When editing, audio samples are typically stored as floating point numbers, so exceeding the (nominal) maximum amplitude is OK. But when you you export, samples are converted to 16-bit integers (more compatible with D/A converters) and that’s where clipping occurs. Once clipped, there is no good way to recover the lost information.
To avoid clipping, you must keep the maximum amplitude within the -1 to +1 range. One fix is to simply lower the amplitude of everything before exporting your sound. If clipping is due to one particular spot, it can be better to change that particular spot rather than re-scale everything. For example, you might use an envelope to lower the amplitude in the trouble spot. However, as a general rule, you should never edit individual samples, change amplitude abruptly, or change the amplitude of a very short region. All of these changes are themselves likely to produce audible problems.

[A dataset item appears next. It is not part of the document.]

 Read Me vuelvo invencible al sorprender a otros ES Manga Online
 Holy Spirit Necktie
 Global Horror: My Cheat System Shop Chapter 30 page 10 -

Audacity has an option (View: Show Clipping (on/off)) to highlight audio samples that are out of range, but depending on track Gain settings and how many tracks you mix together, exported audio can still clip even if there is no clipping in individual tracks. This view feature is more useful to inspect recordings or exported audio. If you discover clipping, the best fix is to go back and re-record or re-mix to eliminate the problem.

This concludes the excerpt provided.